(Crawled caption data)

BEGIN

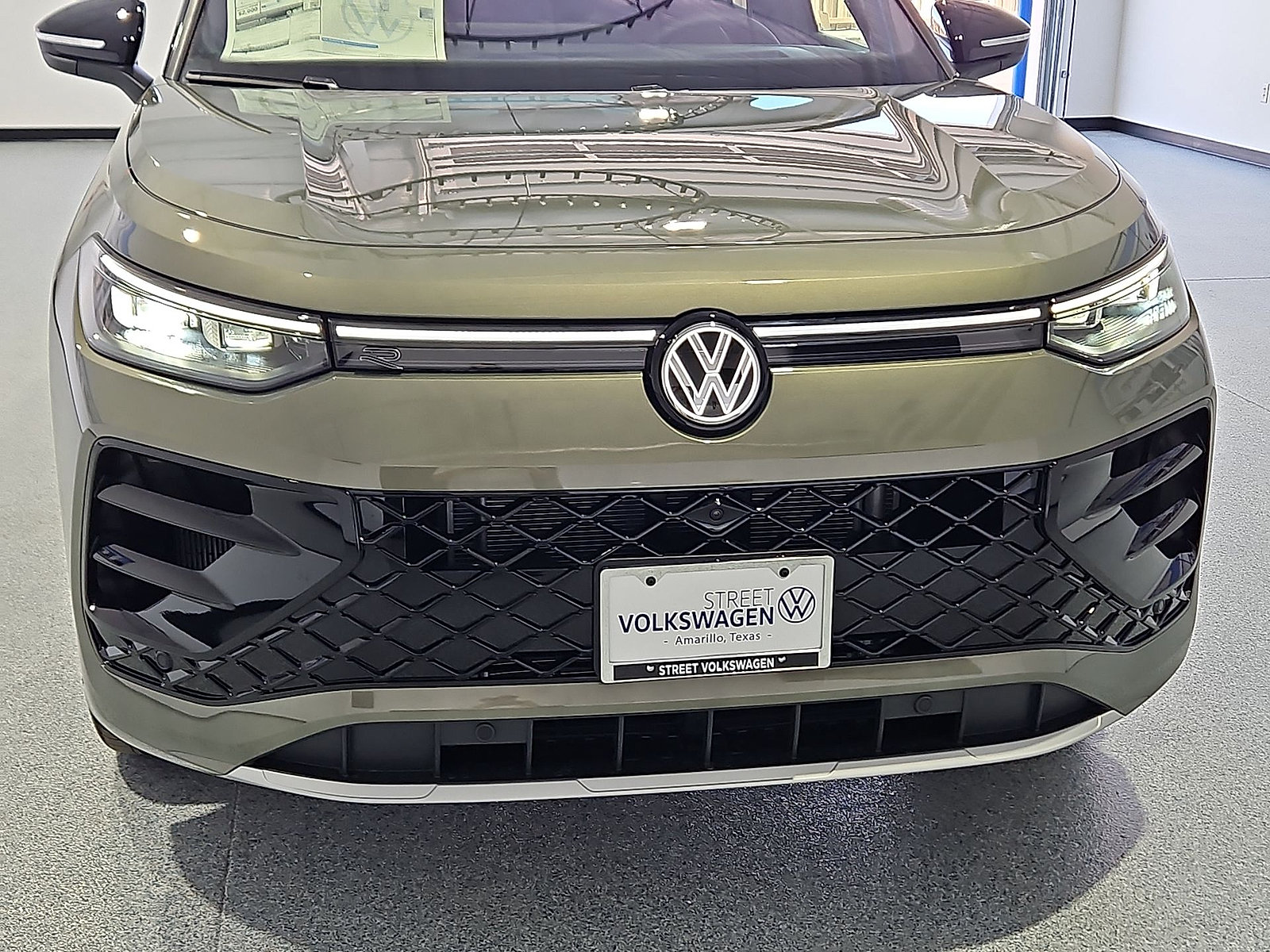 New 2026 Volkswagen Tiguan SEL R-Line AWD/4WD image 11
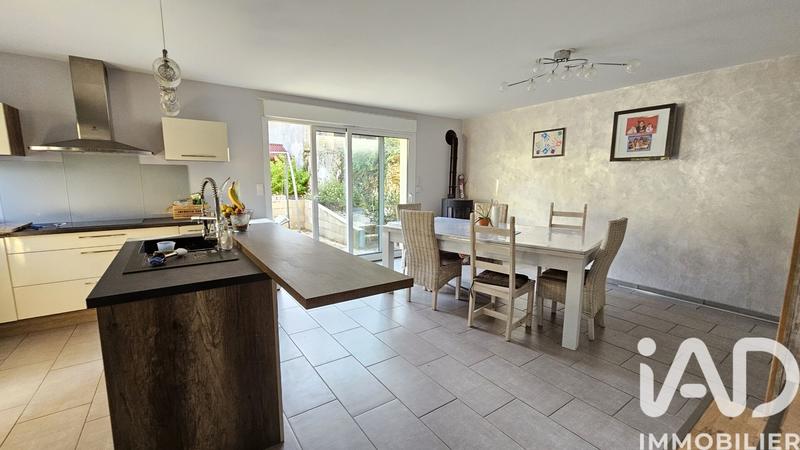 Maison - 144 m² - 7 pièces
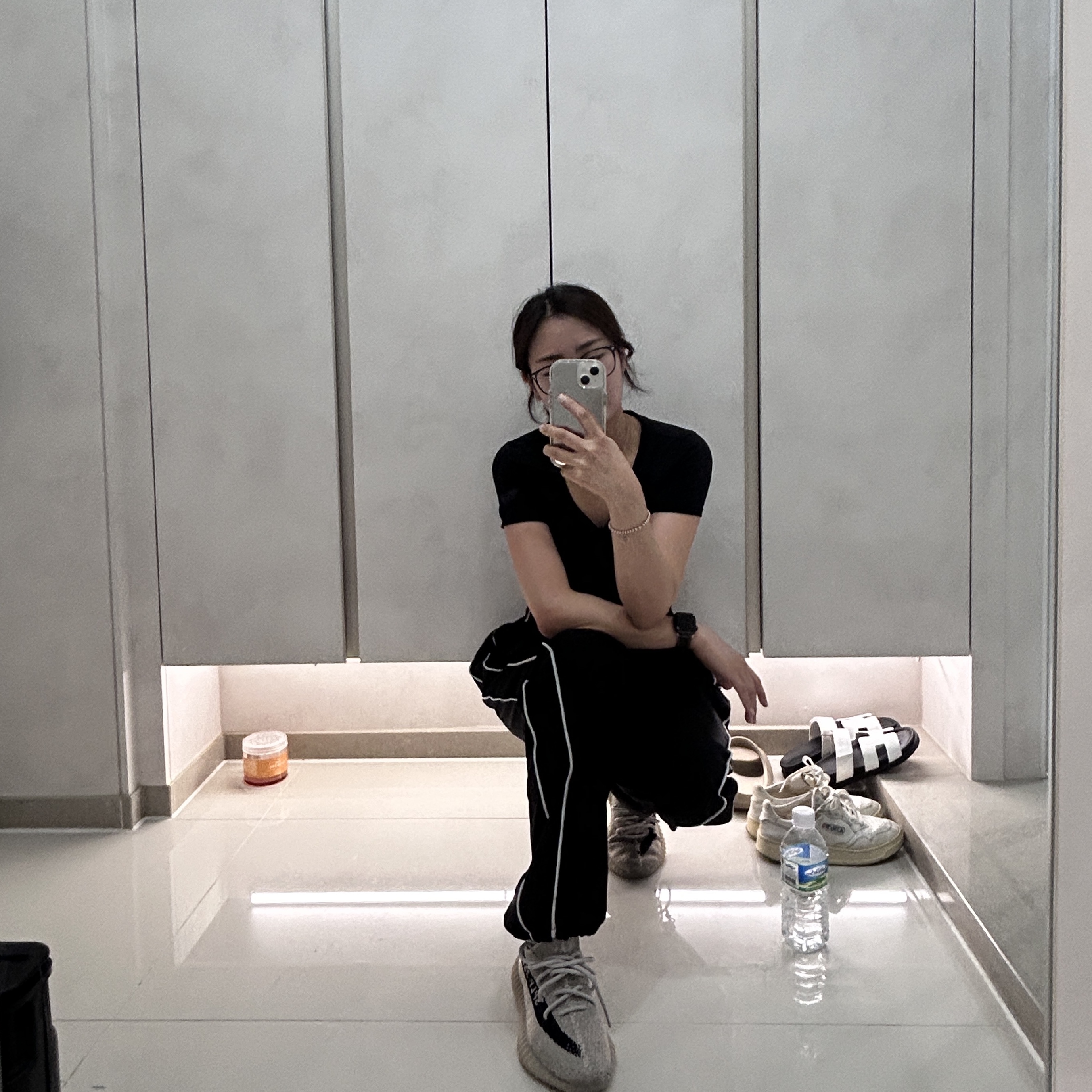 Adidas Yeezy Boost 350 V2 Slate Core Black 2022/2023 착용 스타일
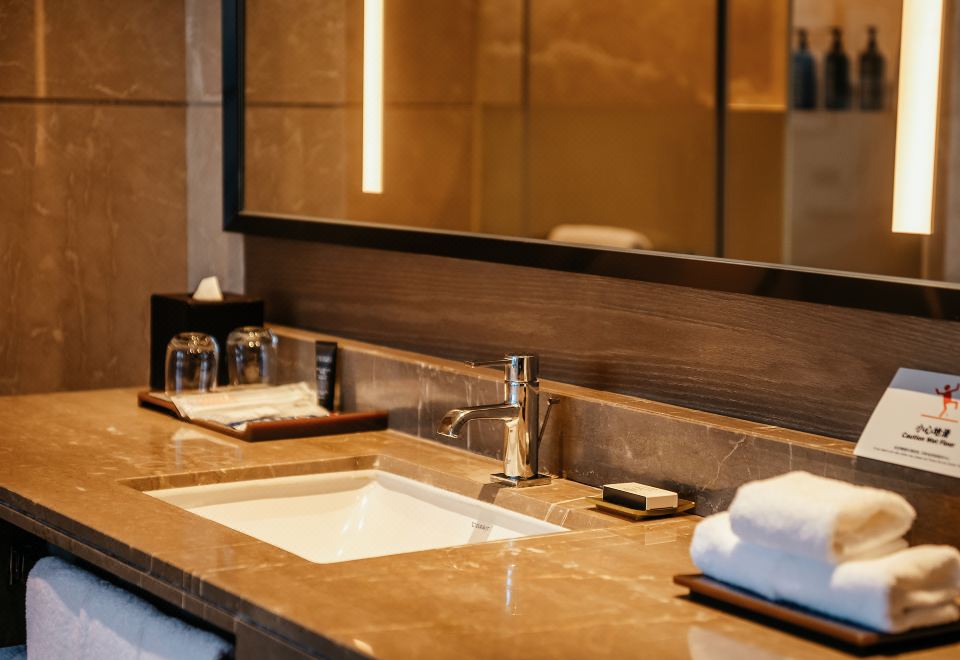 Sheraton Guangzhou HotelSuperior King Room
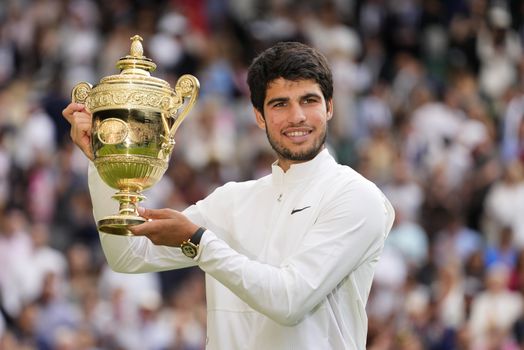 Carlos Alcaraz si na Wimbledone poriadne zarobil. Koľko peňazí dostal za víťazstvo?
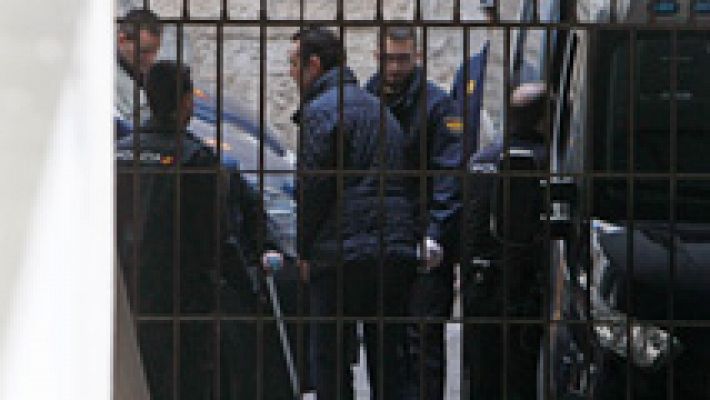 Telediario 1 - Miguel López, acusado de asesinar a la viuda del expresidente de la CAM, comparece ante el juez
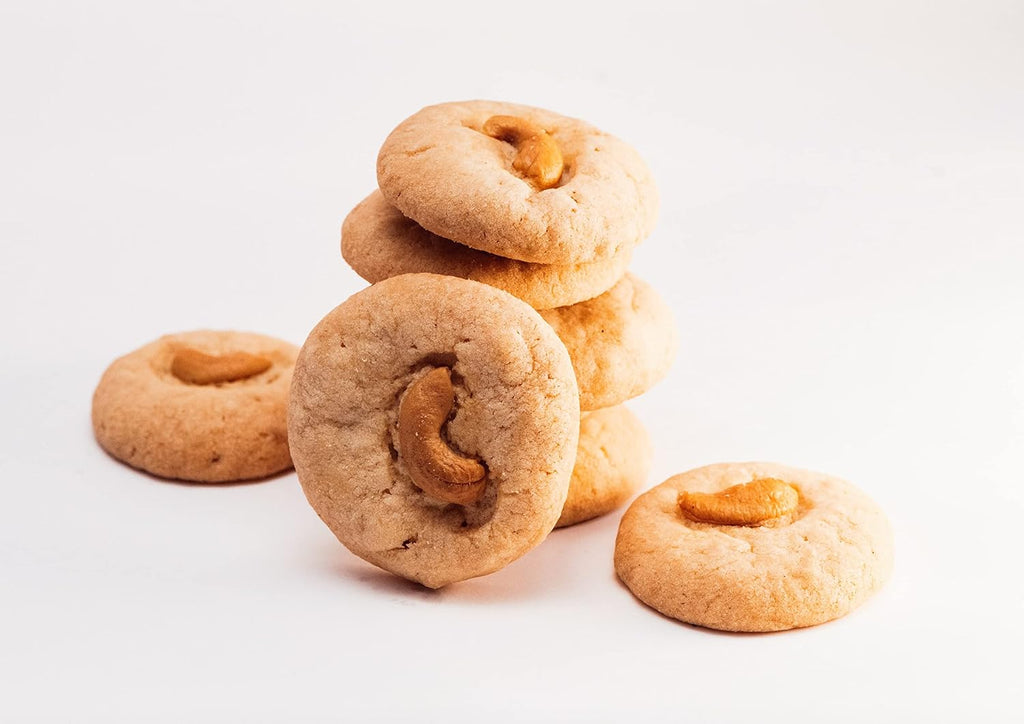 Food to Live Organic Cashew Pieces, 16 Pounds - Non-GMO, Kosher, Raw, Vegan, Unsalted, Unroasted, Bulk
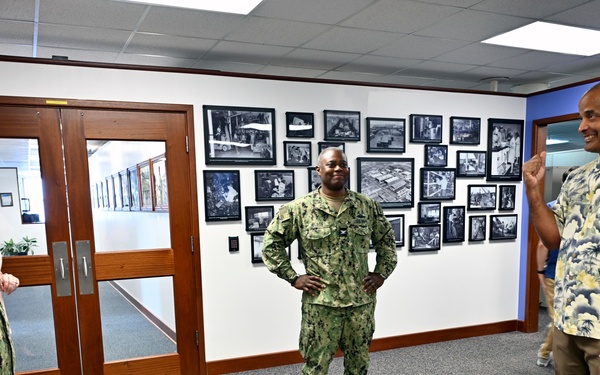 Former COs visit NAVSUP FLC Jacksonville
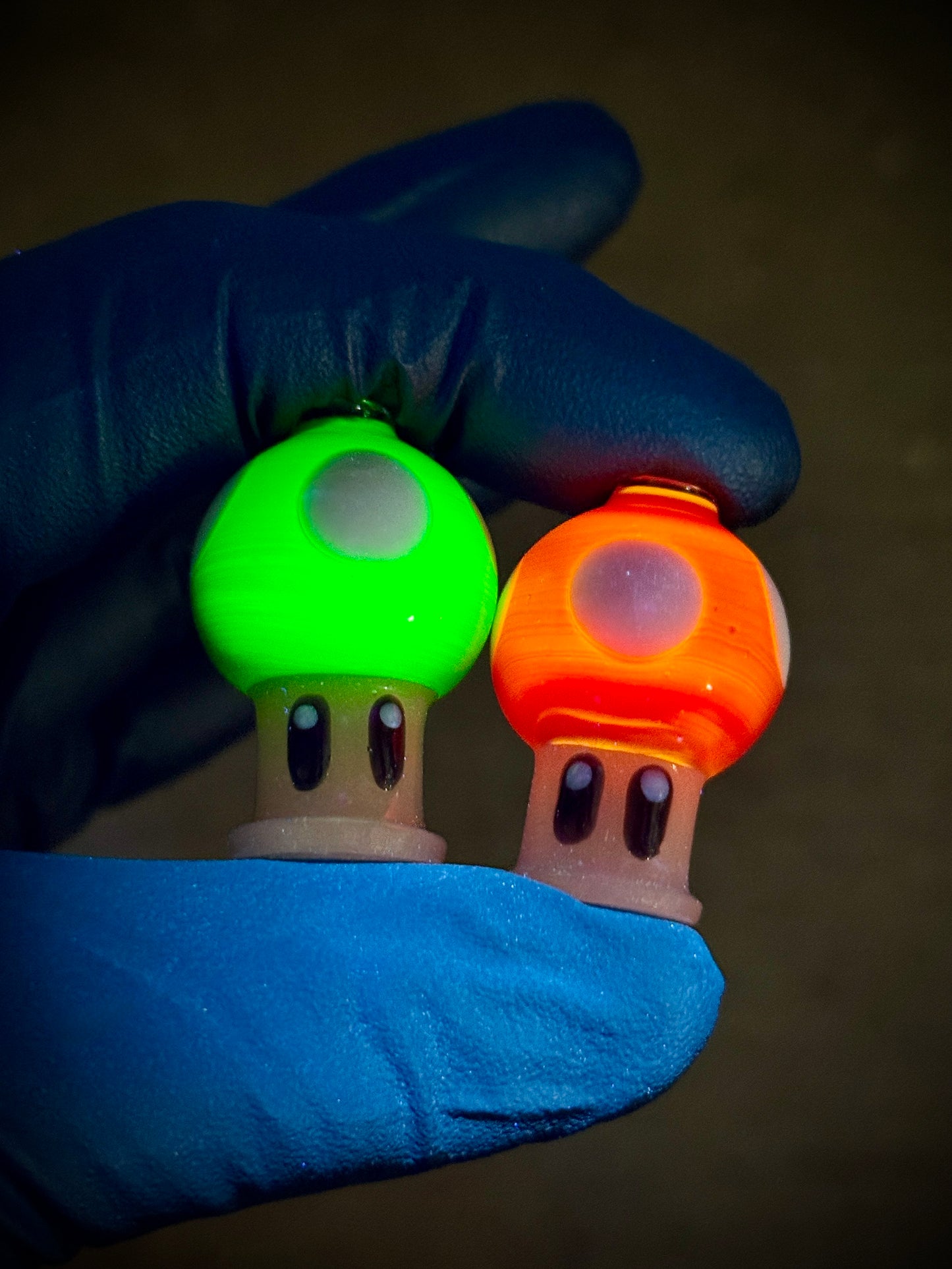 1 UP Red - Mario Pivot Top (UV Reactive)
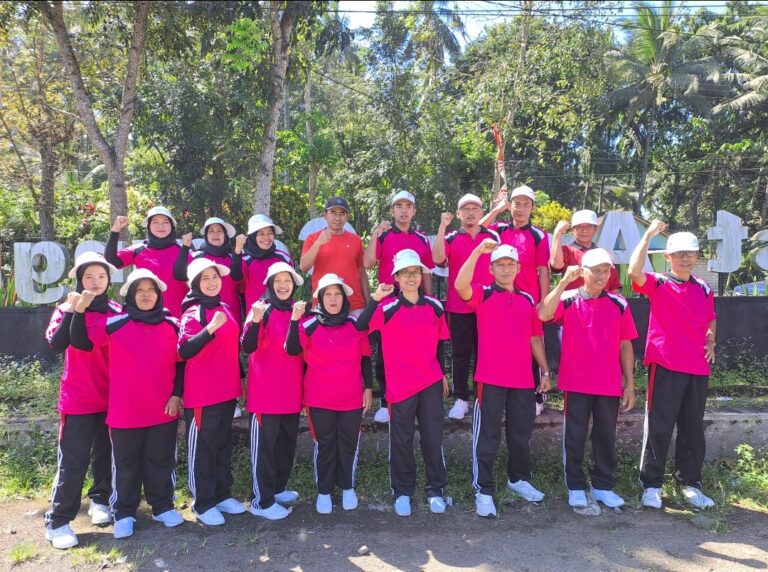 UPT PSTW Banyuwangi Ikuti Gerak Jalan Jelajah Desa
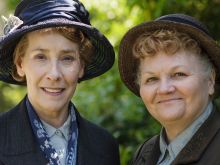 Lesley Nicol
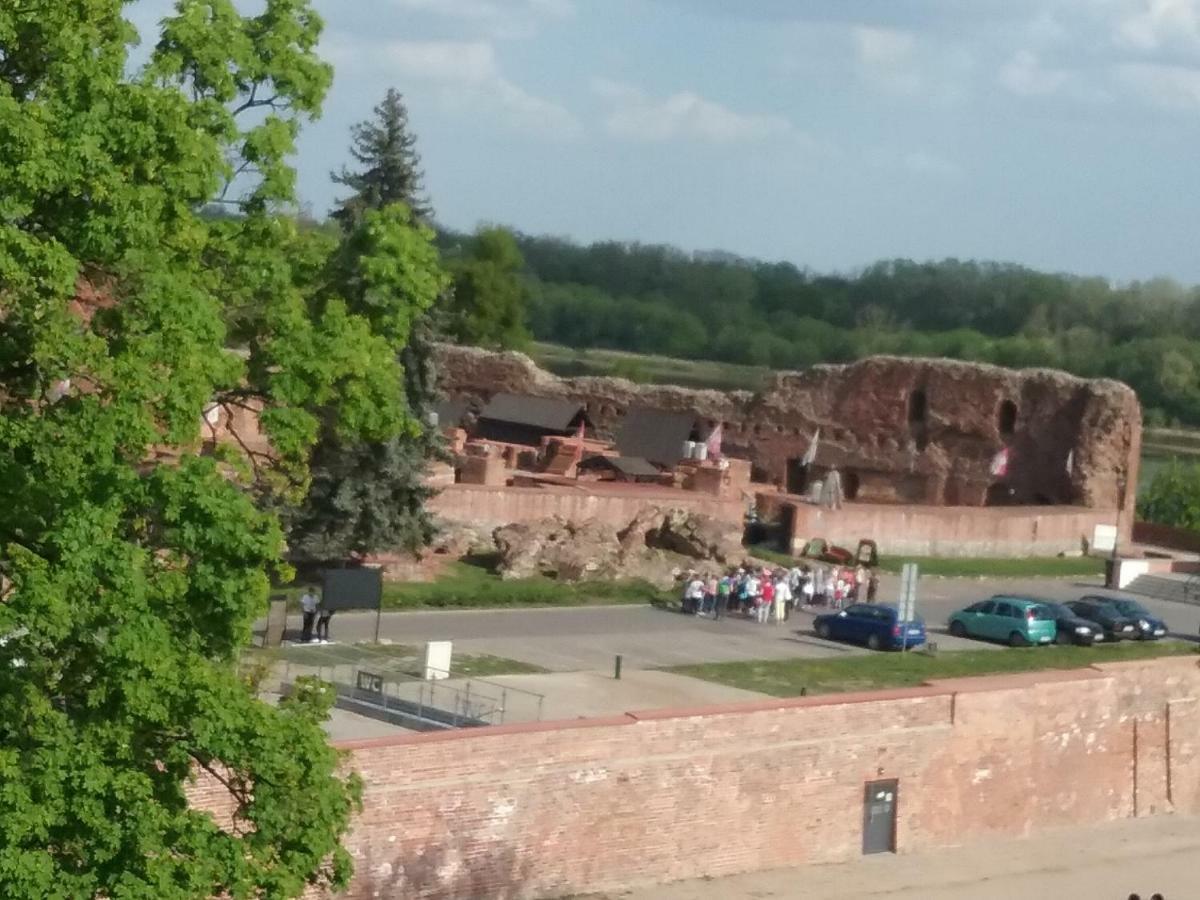 Art - Modern / Old Town - Apartament Torun Bagian luar foto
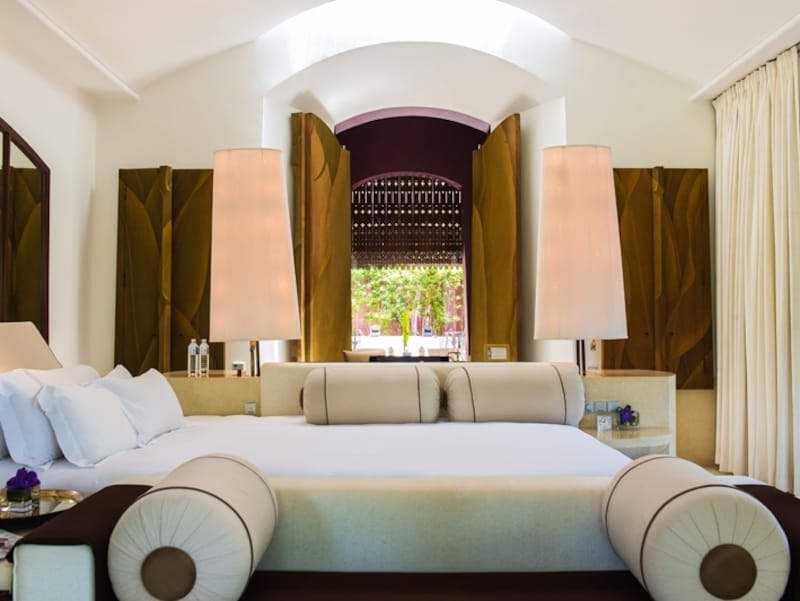 大人4人が縦にも横にも寝られるぐらい大きなベッドが特徴的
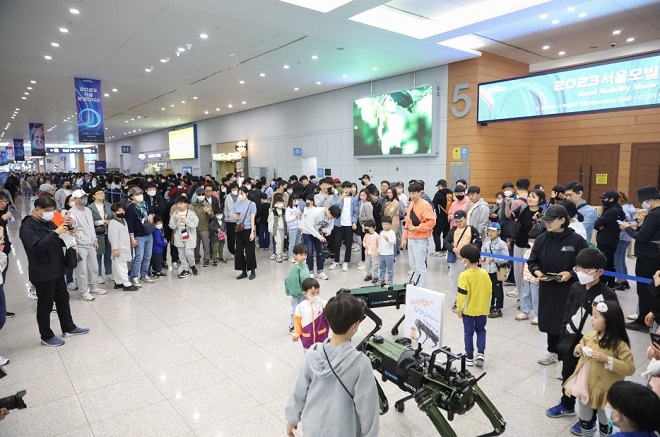 2023서울모빌리티쇼에서 고스트로보의 로봇개 비전60을 보고 있는 어린이 관람객. 제공=서울모빌리쇼조직위.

END

== The task ==
All of the data must be repeated exactly, except for the pictures.

== Final answer ==
 New 2026 Volkswagen Tiguan SEL R-Line AWD/4WD image 11
 Maison - 144 m² - 7 pièces
 Adidas Yeezy Boost 350 V2 Slate Core Black 2022/2023 착용 스타일
 Sheraton Guangzhou HotelSuperior King Room
 Carlos Alcaraz si na Wimbledone poriadne zarobil. Koľko peňazí dostal za víťazstvo?
 Telediario 1 - Miguel López, acusado de asesinar a la viuda del expresidente de la CAM, comparece ante el juez
 Food to Live Organic Cashew Pieces, 16 Pounds - Non-GMO, Kosher, Raw, Vegan, Unsalted, Unroasted, Bulk
 Former COs visit NAVSUP FLC Jacksonville
 1 UP Red - Mario Pivot Top (UV Reactive)
 UPT PSTW Banyuwangi Ikuti Gerak Jalan Jelajah Desa
 Lesley Nicol
 Art - Modern / Old Town - Apartament Torun Bagian luar foto
 大人4人が縦にも横にも寝られるぐらい大きなベッドが特徴的
 2023서울모빌리티쇼에서 고스트로보의 로봇개 비전60을 보고 있는 어린이 관람객. 제공=서울모빌리쇼조직위.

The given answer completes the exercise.